Wind turbines can disturb radar images and put both civil and military aircraft at risk, but research and development of mitigation measures is likely to cost between £5 million and £10 million, before the cost of new technology is rolled out. Who is going to pay is a question currently taxing the wind industry.
Half of all British wind farm proposals are now stymied by civil and military aviation authorities concerned about the radar problem: construction of more than 4.5 GW of clean power capacity is stalled at the starting gate. All parties are working to find a solution to the impasse. The stakes are high-and not only for the industry. The government's carbon reduction goals are in danger too.
The 4.5 GW of stymied development includes both onshore and offshore projects which are crucial to the UK meeting its 2020 renewable energy targets. Furthermore, no one yet knows the affect that objections from aviation interests may have on the huge volume of wind capacity to be developed in the new offshore strategic areas being formally identified around Britain's coast. These areas will house wind farms to be built under the country's third and largest round of offshore site leasing.
The bulk of aviation objections come from NATS En Route Ltd (NERL), the body responsible for civil air traffic throughout the UK's airspace. The rest comes from the Ministry of Defence (MoD) which operates military radar, and from airports. Although dialogue between the British Wind Energy Association (BWEA) and aviation bodies has been ongoing for years, a breakthrough came at the end of last year after Prime Minister Gordon Brown ordered the government ministers involved to "step up their efforts" to find solutions.
In June, the BWEA, NERL, Civil Aviation Authority and the government departments for defence, business and transport signed up to an "aviation plan." According to the plan there is no single solution that will allow wind turbines to co-exist safely with aviation radar. A series of technical fixes is needed.
The plan lays the basis for a co-ordinated approach to a series of tasks. These include defining the performance criteria of radar in the presence of wind farms, technical solutions to reduce the effects of wind farms on air defence and air traffic control radar, and development of "stealth" or radar absorbent turbine technology. Most of the funding for the work is expected to come from the wind industry.
The BWEA's Nicola Vaughan says the Department of Business, Enterprise and Regulatory Reform (BERR), the MoD and the Technology Strategy Board have already committed £2 million. The rest will have to be paid for by wind project developers. "It is going to come from their bottom line," she says, adding that the funding needs to come quickly. "We cannot wait any longer."

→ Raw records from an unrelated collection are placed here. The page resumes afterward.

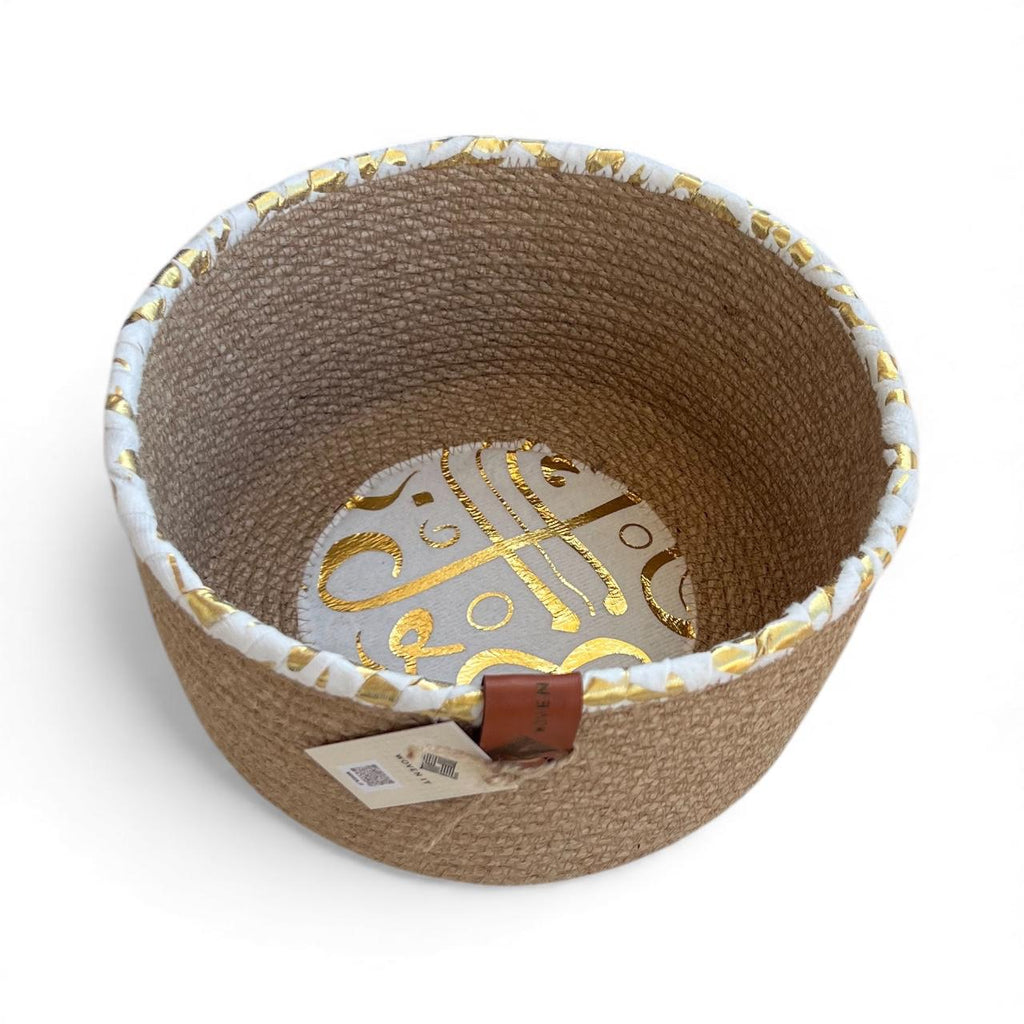 Nura Woven Basket – White & Jute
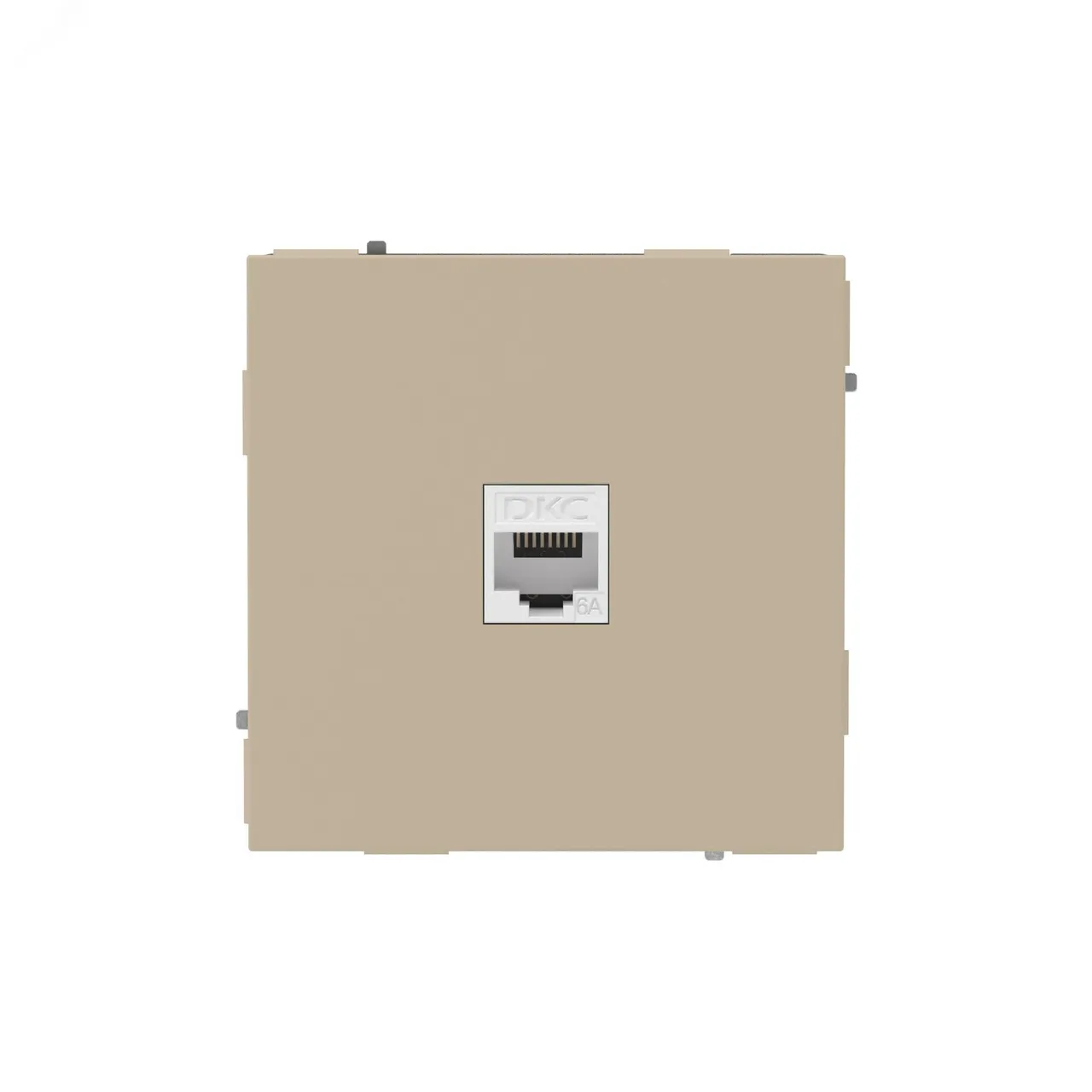 Компьютерная розетка RJ-45 без шторки, кат.6А одинарная,KANT, ванильный марципан 7015673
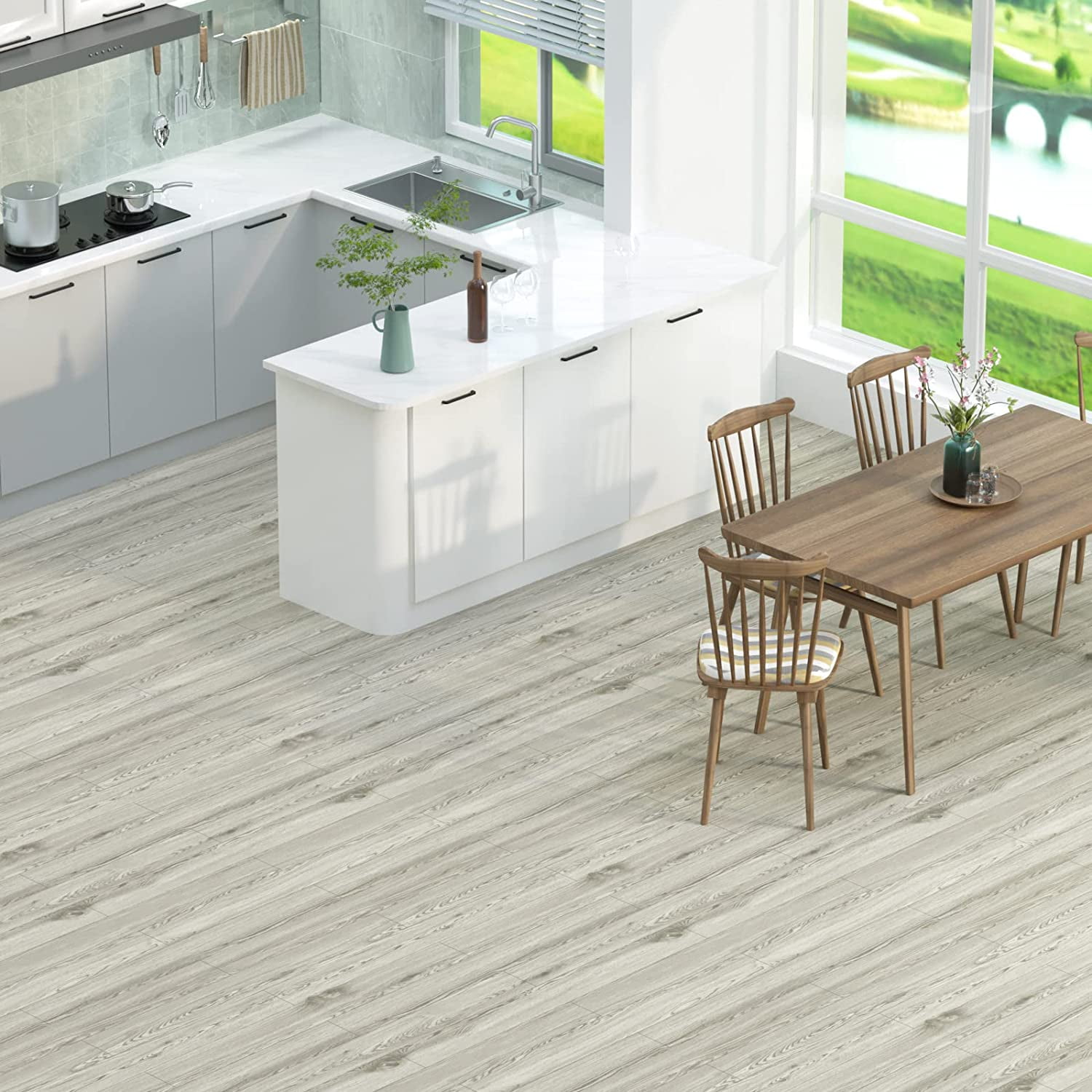 Homease PVC Peel and Stick Vinyl Flooring Roll 23"x 196"/32 Sq.Ft,Thicken Self-Adhesive Vinyl Wood Planks - Waterproof, Wear-Resistant,Easy DIY Install - Gray Maroon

BWEA is putting together a case to make it attractive for developers to invest in solving the problems, Vaughan says. Additional funding from government, which has an interest in seeing its targets met, and from other stakeholders is hoped for. One of these is the Crown Estate, the owner of most of the UK seabed, which will earn considerable income from leasing sites for offshore wind farms.
A key task is the "Raytheon" project to mitigate the effect of turbines on NERL's en-route radar across the country. Over half of the 4.5 GW of wind currently on hold is blocked by objections from NERL. Canadian firm Raytheon is supplying NERL's entire new fleet of en route radar and the wind industry is working with the company to develop enhancements to avoid the risk of wind turbines disturbing radar images. It is further understood that NERL is pushing for the mitigation software to be incorporated on its whole fleet -- with the wind industry footing the bill.
For now, BWEA is sticking to its guns, saying the technical fix should only be fitted to those radar that are affected by wind farm developments. The usual procedure is for the wind farm in question to foot the bill. A grey area, however, will be where a number of generators are affected by a single radar, such as NERL's en route radar at Lowther Hill in Scotland. But in most cases, mitigation solutions are specific to the wind project and are developed on a bespoke basis between the radar operator and wind farm developer, which pays.
Signs of light
Although it is early days for the aviation plan, Vaughan sees signs of progress. BERR appears to be taking a more pragmatic approach to determining wind farm applications -- in some cases avoiding delays which planning inquiries inevitably cause and the resulting huge legal bills. This summer, the government department granted consent to two projects -- Middlemoor on land and Sheringham Shoal offshore -- leaving it to the developers to agree mitigation solutions with the MoD.
Vaughan, meanwhile, is receiving reports that new projects are receiving a faster response from the MoD to their initial consultations. "Over the past two months I have had some great feedback from developers saying they are getting a quick turn around," she says. We are starting to see some movement and the MoD are making some good progress."